Votar y elegir pueden coincidir en un mismo acto, pero, sin lugar a equívocos, no son lo mismo.

En medio de voces, de argumentos, de pro y contras, de peleas innecesarias, de ofensas y divisiones peligrosas, aun nocivas, toca pues, hablar de derecho. En primer lugar, debe decirse, aunque sea una verdad de Perogrullo: los derechos no son entelequias, sino garantías reales que requieren de condiciones de hecho propicias para su ejercicio o, de ser el caso, su defensa.

     El sufragio, además de una institución destinada a la toma de decisiones colectivas (con sus serias deficiencias, y las tiene, sin dudas,), es, desde luego, un derecho ciudadano. Tal vez, uno de los más notorios, mas no de los más importantes en una Democracia (como lo es, el respeto por el Estado de derecho). Su ejercicio, expresado en el voto, urge de condiciones mínimas para ser efectivo. Si no, su esencia se pierde y queda reducido a un tinglado, como aquel de la antigua farsa.

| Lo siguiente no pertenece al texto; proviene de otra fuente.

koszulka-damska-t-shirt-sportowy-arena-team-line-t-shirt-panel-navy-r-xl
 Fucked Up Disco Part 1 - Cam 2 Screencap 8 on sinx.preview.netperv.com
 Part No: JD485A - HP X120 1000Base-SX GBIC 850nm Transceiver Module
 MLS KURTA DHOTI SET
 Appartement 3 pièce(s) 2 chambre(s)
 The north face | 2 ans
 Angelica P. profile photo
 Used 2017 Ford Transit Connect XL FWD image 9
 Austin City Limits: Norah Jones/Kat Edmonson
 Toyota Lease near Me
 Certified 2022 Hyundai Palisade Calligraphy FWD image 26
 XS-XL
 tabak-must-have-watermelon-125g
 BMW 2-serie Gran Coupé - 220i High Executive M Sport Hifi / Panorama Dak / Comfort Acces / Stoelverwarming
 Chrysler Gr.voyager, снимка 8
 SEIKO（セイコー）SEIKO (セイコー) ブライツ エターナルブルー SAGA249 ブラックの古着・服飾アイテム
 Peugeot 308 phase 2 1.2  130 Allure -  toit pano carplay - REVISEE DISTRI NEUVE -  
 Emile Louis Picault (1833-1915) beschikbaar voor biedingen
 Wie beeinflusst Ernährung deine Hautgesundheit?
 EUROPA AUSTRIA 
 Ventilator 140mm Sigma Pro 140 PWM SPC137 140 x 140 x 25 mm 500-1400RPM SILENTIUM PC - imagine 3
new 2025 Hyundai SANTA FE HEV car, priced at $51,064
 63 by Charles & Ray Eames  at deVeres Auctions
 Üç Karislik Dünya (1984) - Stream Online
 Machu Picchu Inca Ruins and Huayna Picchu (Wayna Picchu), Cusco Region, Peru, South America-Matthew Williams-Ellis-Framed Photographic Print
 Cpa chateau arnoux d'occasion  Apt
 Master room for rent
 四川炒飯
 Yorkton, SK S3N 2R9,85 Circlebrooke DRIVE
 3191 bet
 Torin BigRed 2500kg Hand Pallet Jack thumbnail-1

     El derecho, como la posibilidad de exigir algo, aun por medios coactivos (judicialmente), no es una ficción capaz de existir fuera de su contexto ni de la realidad (esa que se manifiesta en hechos concretos, palpables). Por ello, si el derecho, cualquiera que sea este, no puede hacerse eficaz, queda pues, vaciado de contenido y, por lo tanto, no se tiene realmente.

     El derecho no puede deslindarse de su expresión real como lo es, en el caso del sufragio, el acatamiento de la decisión manifestada en las urnas.

     En todo caso, podrían tenerse presente otras condiciones, otro contexto, y servir el voto a fines distintos al que ontológicamente está destinado. Por un lado, legitimar – o lo que sería más preciso, darle visos de legitimidad – a un régimen autocrático, o, igualmente, como una estrategia para desnudarlo, pero ni en uno u otro cumple su función cardinal: dirimir las diferencias colectivas, permitirle a la ciudadanía decidir. En el último caso, como táctica en la lucha por el poder, se debe tener, obviamente, un plan ulterior. Sin este, el voto quedaría igualado a una suerte conjuro, de encantamiento capaz de alterar el statu quo. Se sabe, empero, tal cosa es, de hecho, propio del pensamiento mágico. La realidad no es Macondo, donde la magia lo explica todo.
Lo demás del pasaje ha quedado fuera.